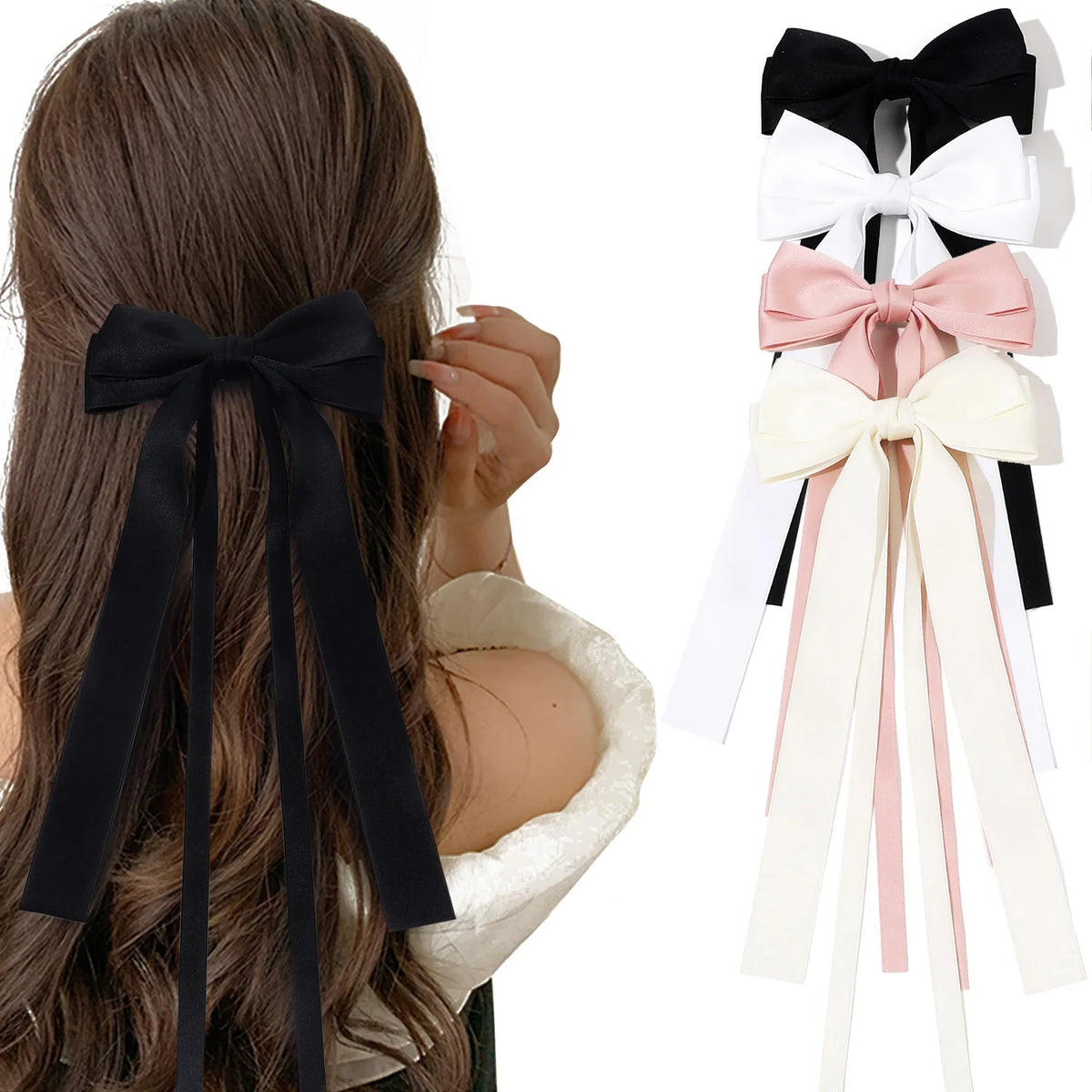 Elegant Satin Ribbon Hair Bow Clip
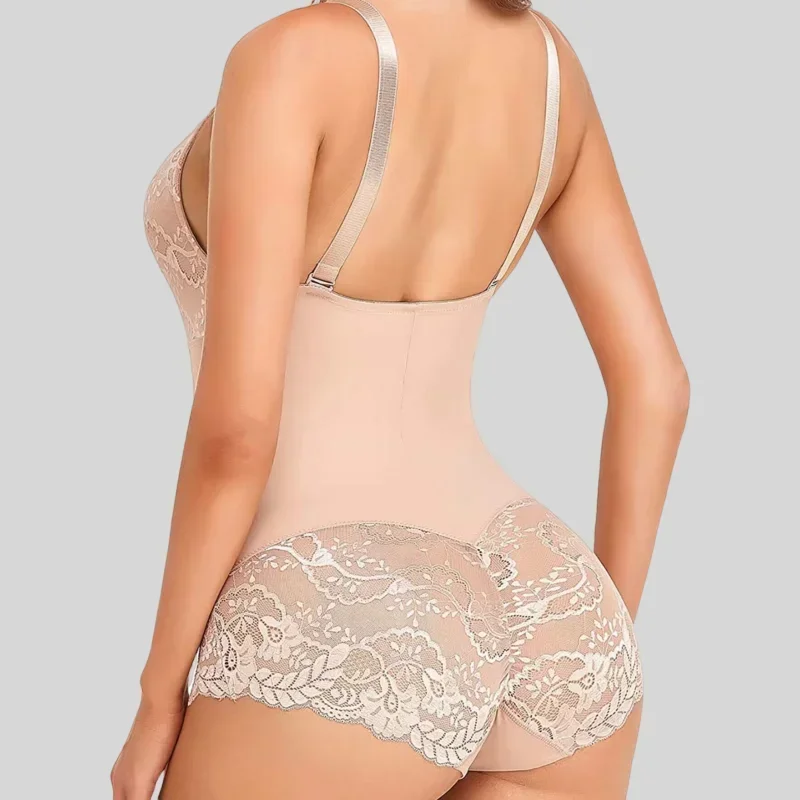 Sexy Lace V Neck Spaghetti Strap Bodysuits Snap Open Crotch Light Control Body Suit Sexy Jumpsuit Daily Wearing Underwear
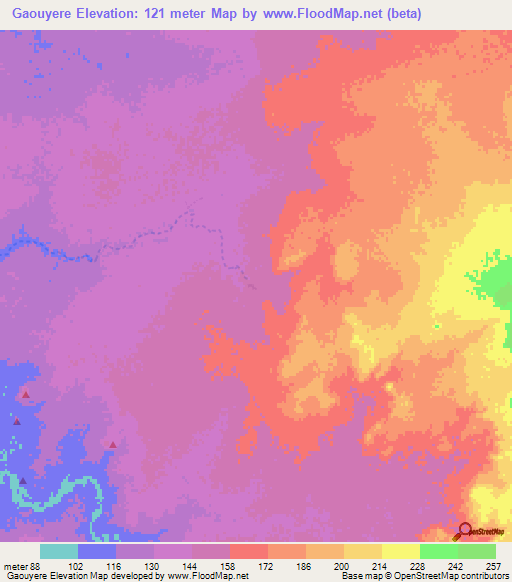 Gaouyere,Mauritania Elevation Map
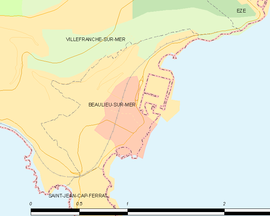Mapa obce Beaulieu-sur-Mer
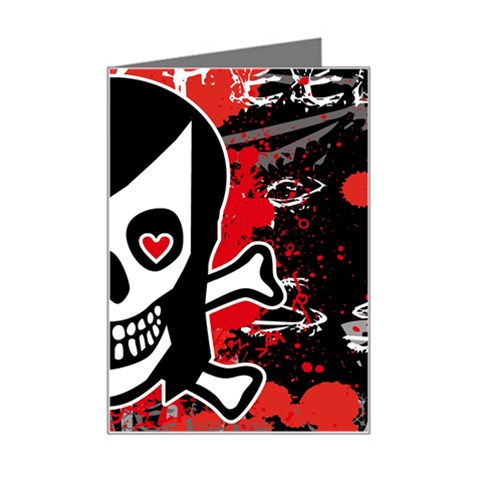 Emo Girl Skull Mini Greeting Card from ArtsNow.com Left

☆ ☆ ☆ ☆ ☆ ☆ ☆

**Exercise aim**
Transcribe each entry exactly, pictures excluded.

**Worked solution**
 Elegant Satin Ribbon Hair Bow Clip
 Sexy Lace V Neck Spaghetti Strap Bodysuits Snap Open Crotch Light Control Body Suit Sexy Jumpsuit Daily Wearing Underwear
 Gaouyere,Mauritania Elevation Map
Mapa obce Beaulieu-sur-Mer
 Emo Girl Skull Mini Greeting Card from ArtsNow.com Left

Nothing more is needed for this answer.